Find the image of the point (1, 2) in the line x - 2y - 7 = 0.

The given line is x - 2y - 7 = 0 …..(i)

⇒ 2y = x - 7

⇒ y = $\dfrac{1}{2}x - \dfrac{7}{2}$.

The slope of the line (i) = m₁ = $\dfrac{1}{2}.$

Let the point (1, 2) be P.

From P draw a perpendicular to the line (i) and produce it to point P' such that P'M = MP, then P' is the image of P in line (i) and line (i) is the right bisector of the segment PP'.

Let P' be (a, b).

Then slope of PP' = m₂ = $\dfrac{b - 2}{a - 1}$.

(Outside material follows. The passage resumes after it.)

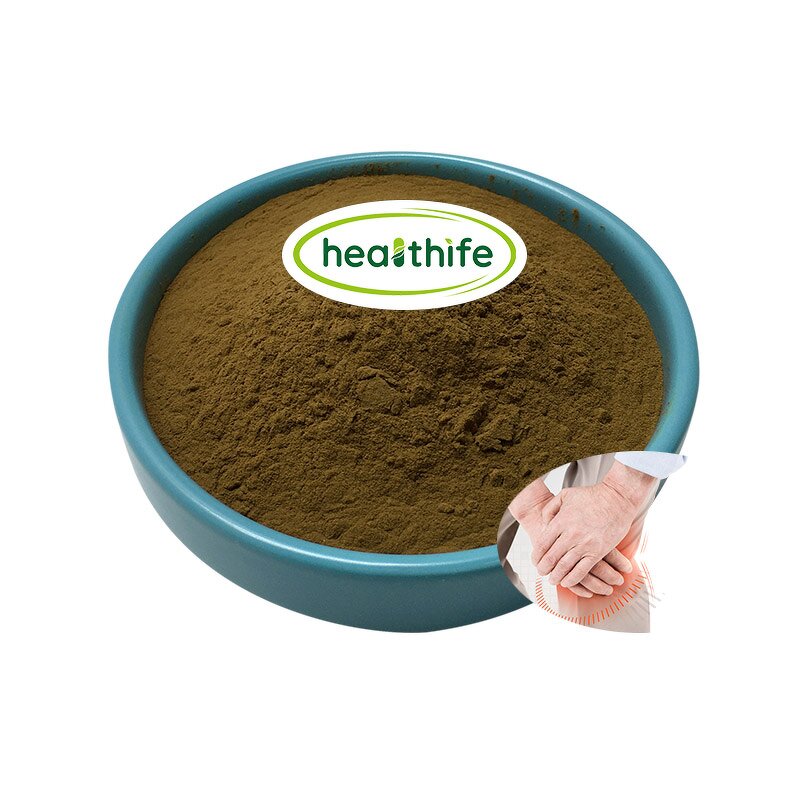 Beef Liver Powder Manufacturer - Healthife New Zealand Freeze Dried Grass Fed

Since, line (i) is perpendicular to PP' so,

$\Rightarrow m$1 \times m2 = -1 \\[1em] \Rightarrow \dfrac{1}{2} \times \dfrac{b - 2}{a - 1} = -1 \\[1em] \Rightarrow \dfrac{b - 2}{2a - 2} = -1 \\[1em] \Rightarrow b - 2 = -2a + 2 \\[1em] \Rightarrow 2a + b = 4 \space …..(\text{iii})

Also mid-point of PP' is M$\Big(\dfrac{a + 1}{2}, \dfrac{b + 2}{2}\Big)$.

Since, (i) is the right bisector of the segment PP', M lies on (i)

$\Rightarrow \dfrac{a + 1}{2} - 2\Big(\dfrac{b + 2}{2}\Big) - 7 = 0 \\[1em] \Rightarrow \dfrac{a + 1}{2} - b - 2 - 7 = 0 \\[1em] \Rightarrow \dfrac{a + 1}{2} - b = 9 \\[1em] \Rightarrow \dfrac{a + 1 - 2b}{2} = 9 \\[1em] \Rightarrow a + 1 - 2b = 18 \\[1em] \Rightarrow a - 2b = 17 \space ….(\text{iv})$

Multiplying equation (iv) by 2 and subtracting from (iii) we get,

$\Rightarrow 2a + b - 2(a - 2b) = 4 - 34 \\[1em] \Rightarrow 2a + b - 2a + 4b = -30 \\[1em] \Rightarrow 5b = -30 \\[1em] \Rightarrow b = -6.$

Putting value of b in Eq (iii),

⇒ 2a - 6 = 4
⇒ 2a = 10
⇒ a = 5.

P' = (a, b) = (5, -6).

Hence, the coordinates of image are (5, -6).